[Material for the task]
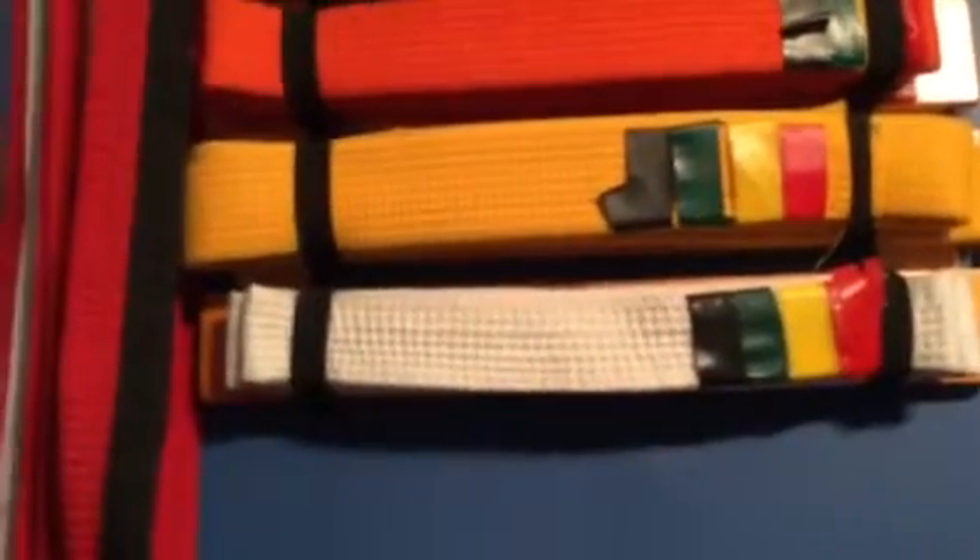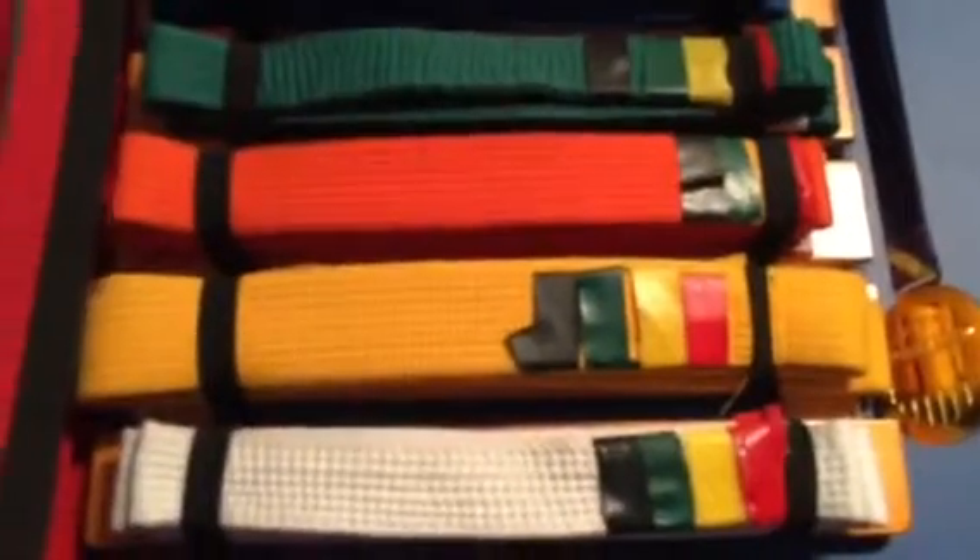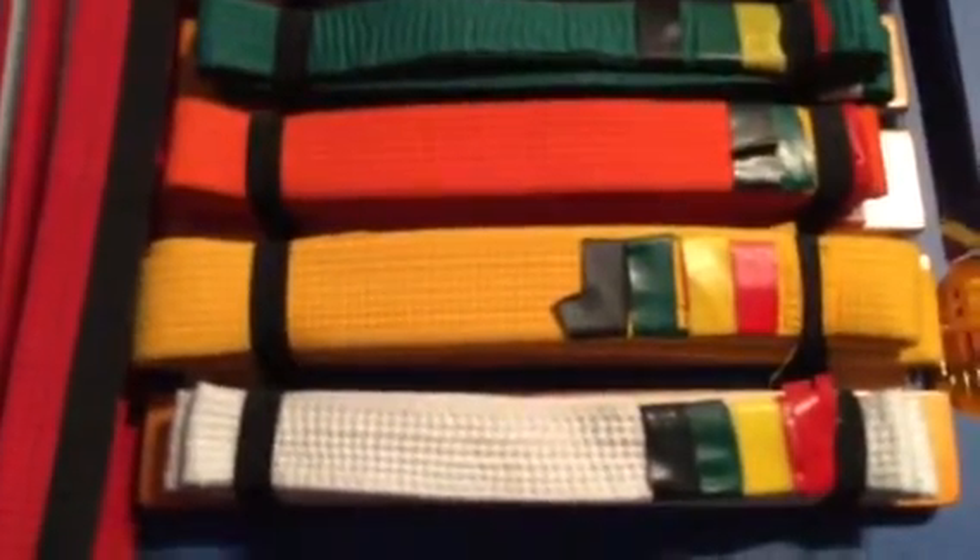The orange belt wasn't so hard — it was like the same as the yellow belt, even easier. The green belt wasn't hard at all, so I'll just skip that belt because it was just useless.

--

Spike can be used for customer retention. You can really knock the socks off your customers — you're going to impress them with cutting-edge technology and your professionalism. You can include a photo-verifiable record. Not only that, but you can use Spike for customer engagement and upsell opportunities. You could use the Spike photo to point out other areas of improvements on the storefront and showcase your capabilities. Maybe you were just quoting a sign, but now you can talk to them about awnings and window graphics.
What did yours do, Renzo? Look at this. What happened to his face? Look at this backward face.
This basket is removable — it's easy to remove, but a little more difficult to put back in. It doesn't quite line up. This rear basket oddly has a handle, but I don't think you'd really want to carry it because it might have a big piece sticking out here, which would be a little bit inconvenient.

[Work item]
Check the listing for the word "really". Show each line that has it.

[Task response]
Spike can be used for customer retention. You can really knock the socks off your customers — you're going to impress them with cutting-edge technology and your professionalism. You can include a photo-verifiable record. Not only that, but you can use Spike for customer engagement and upsell opportunities. You could use the Spike photo to point out other areas of improvements on the storefront and showcase your capabilities. Maybe you were just quoting a sign, but now you can talk to them about awnings and window graphics.
This basket is removable — it's easy to remove, but a little more difficult to put back in. It doesn't quite line up. This rear basket oddly has a handle, but I don't think you'd really want to carry it because it might have a big piece sticking out here, which would be a little bit inconvenient.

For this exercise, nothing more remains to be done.